Nivolumab Can Help Increase the Survival in Mesothelioma Patients Whose Cancer Has Relapsed

Published: February 12, 2021

A study in the United Kingdom involving 332 patients who cannot receive surgery (unresectable) found that patients whose mesothelioma has relapsed can be treated with nivolumab safely. Nivolumab is an immunotherapy drug known as Opdivo, which is popular for treating non-small cell lung cancer. Opdivo is promising because it is the first drug tested to help survival in patients whose mesothelioma has relapsed. Since not many treatments for unresectable mesothelioma exist, more treatments need to be tested and found. If more of them are found, more people’s lives could be extended.

Opdivo is already a part of a first line treatment for mesothelioma. It was recently approved to be used alongside Yervoy in October 2020. Since nivolumab was approved as a first line treatment, it should soon be approved as a second line treatment for the disease as well.  Patients who have been using the drug through clinical trials, compassionate care, and off label exceptions have seen mixed results. The most recent study with nivolumab being used as a second or third line treatment saw a 40 percent improvement in survival from 6.6 months in the control group to 9.2 months in the study group.
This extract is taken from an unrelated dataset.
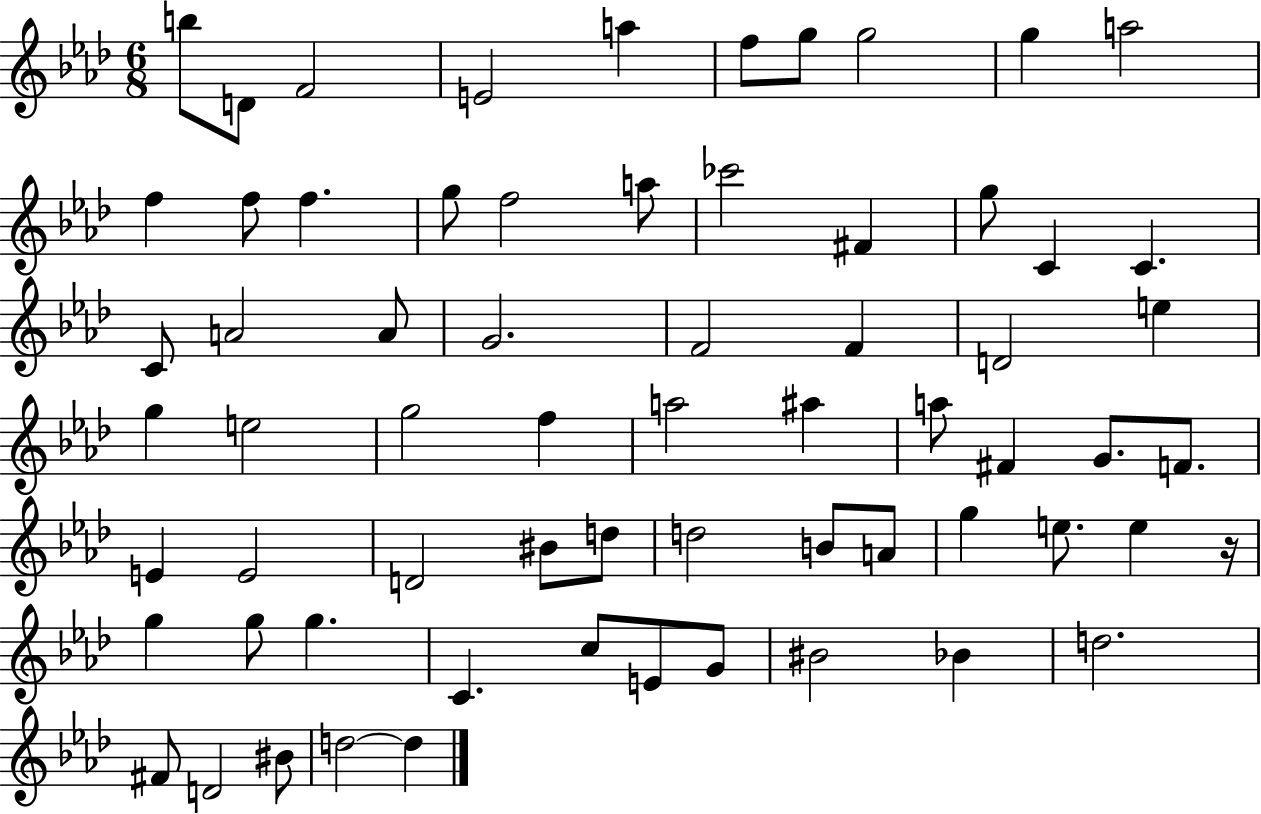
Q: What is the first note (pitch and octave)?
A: B5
The British study is also showing a 9.4 month median survival and a 12 month overall survival of 40 percent in epithelioid patients, an easier to treat type.
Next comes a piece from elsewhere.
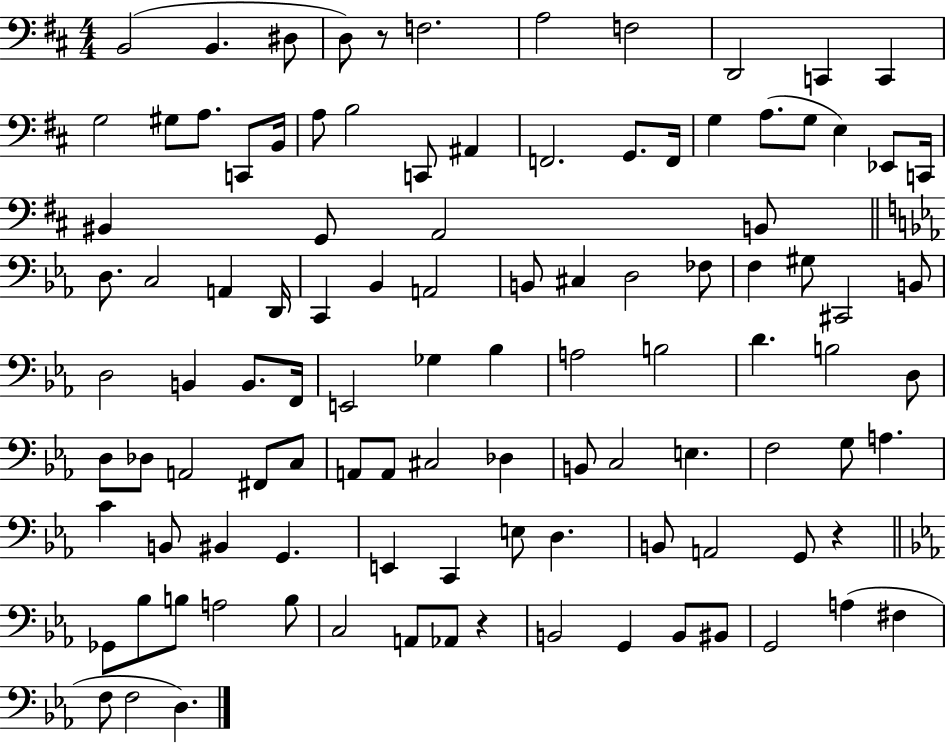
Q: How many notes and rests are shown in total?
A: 106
The patients were randomized in a 2:1 ratio. The patients received treatments every two weeks for a maximum of 12 months. Many of the patients had received at least two different types of treatment and relapsed before being enrolled in the current clinical trial.

Other drugs for mesothelioma could be beneficial in treating relapsed mesothelioma. They have had promising results, but results have not been proven in a phase III trial. One drug that has been approved for other cancers is being tested for mesothelioma in a phase II trial. Cancer vaccines are also being tested.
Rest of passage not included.